Records drawn from a dataset:
━━━━━━━━━━━━━━━━━━━━

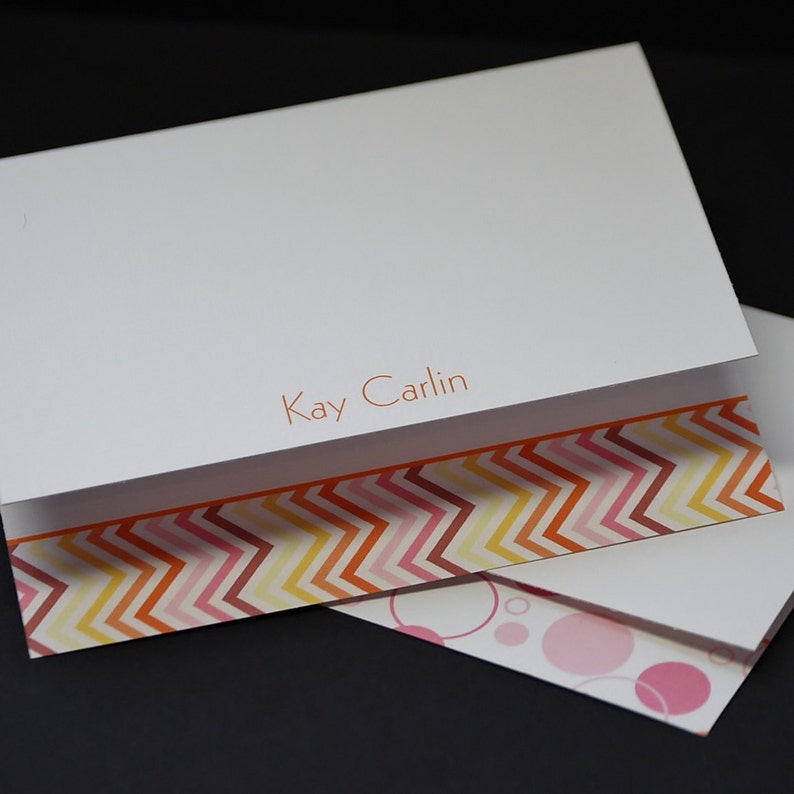 Dots And Pinking set of 6 personalized or customized coordinating greeting cards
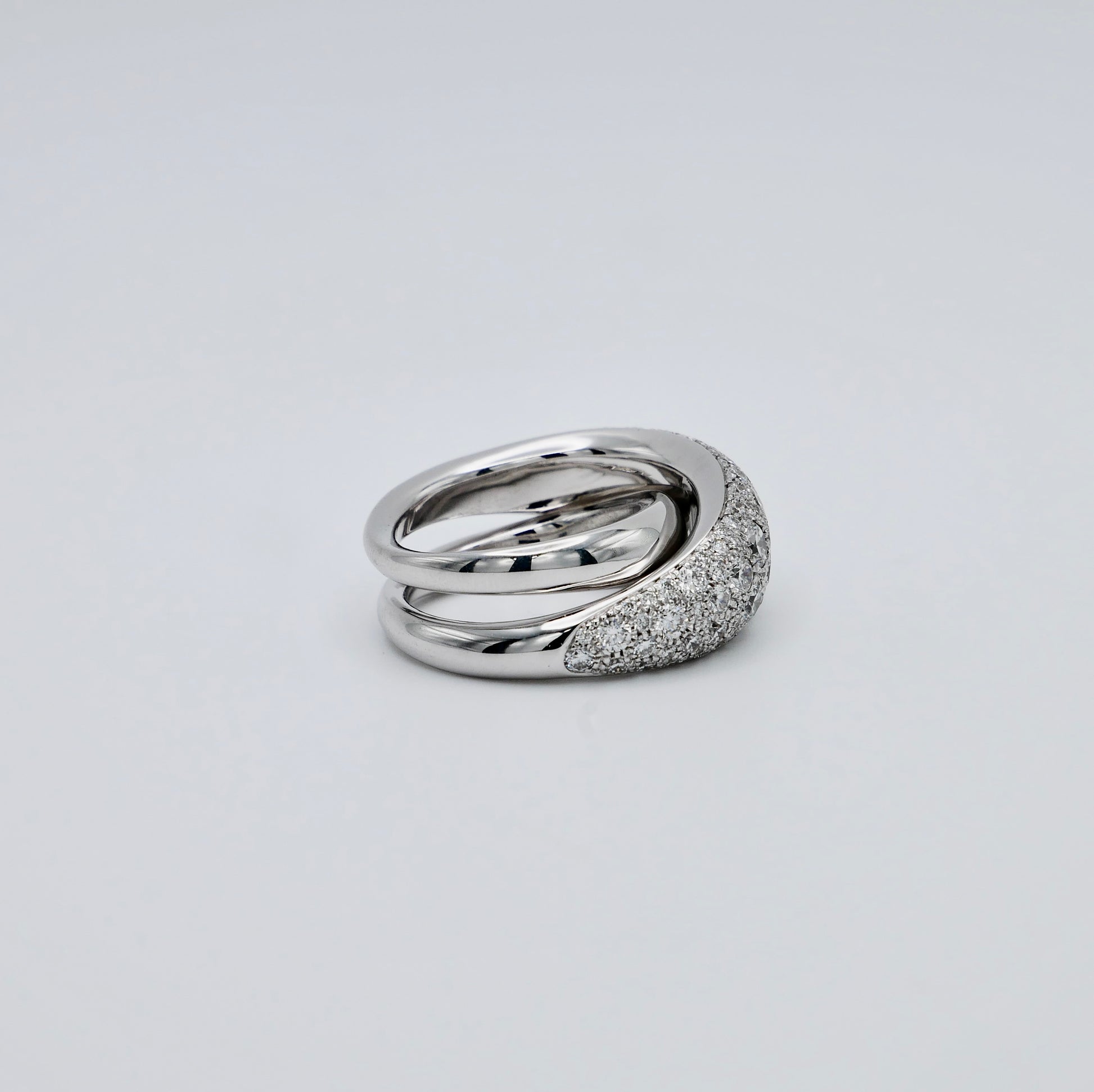 Pavé crossover dome ring in 18K white gold with lab grown diamonds, view 2
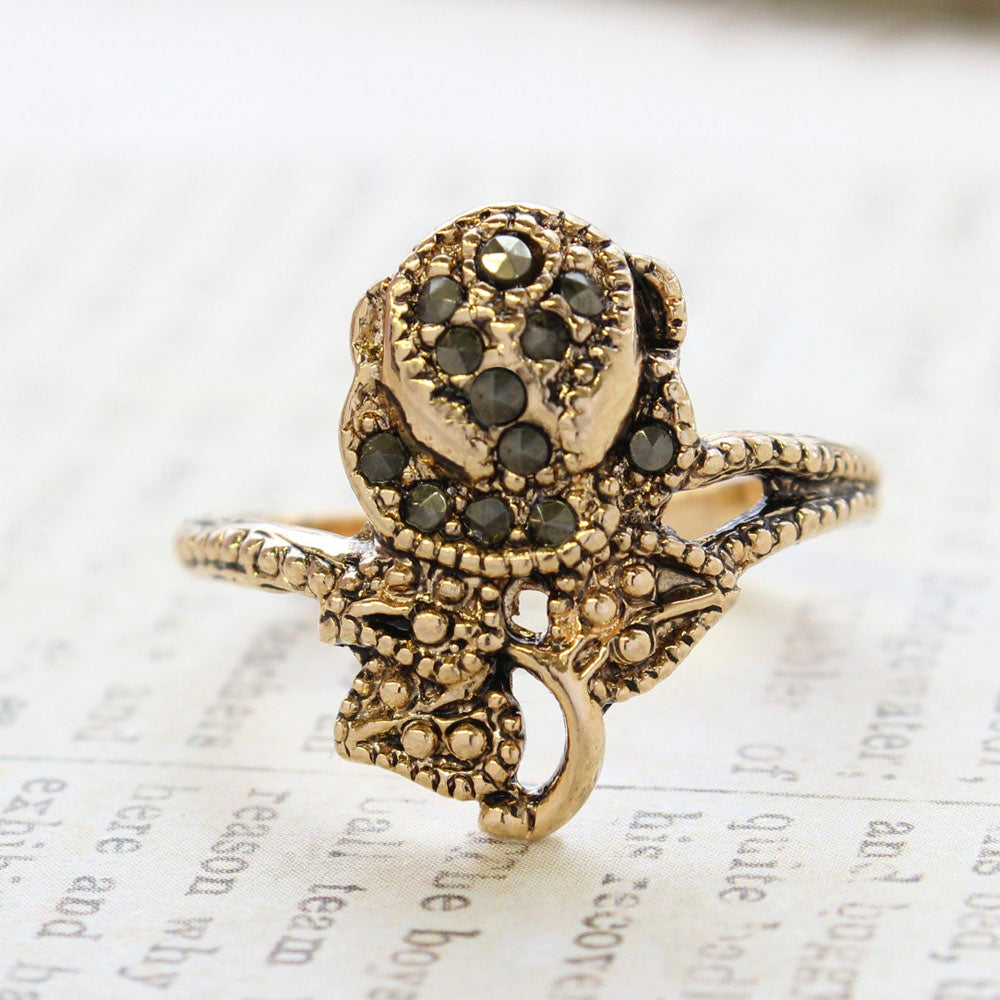 Vintage Genuine Marcasite Rose Ring - Antique 18k Yellow Gold Electroplated - Made in USA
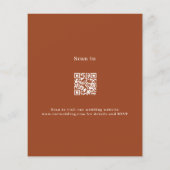 Papier Code QR du script orange vidé mariage budget RSVP (Dos)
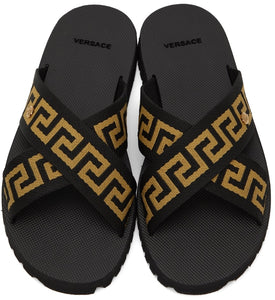 Versace Black Nastro Greca Cross Strap Sandals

━━━━━━━━━━━━━━━━━━━━

Directions: Retype the records above exactly, pictures omitted.

Output of the task:
 Dots And Pinking set of 6 personalized or customized coordinating greeting cards
 Pavé crossover dome ring in 18K white gold with lab grown diamonds, view 2
 Vintage Genuine Marcasite Rose Ring - Antique 18k Yellow Gold Electroplated - Made in USA
 Papier Code QR du script orange vidé mariage budget RSVP (Dos)
 Versace Black Nastro Greca Cross Strap Sandals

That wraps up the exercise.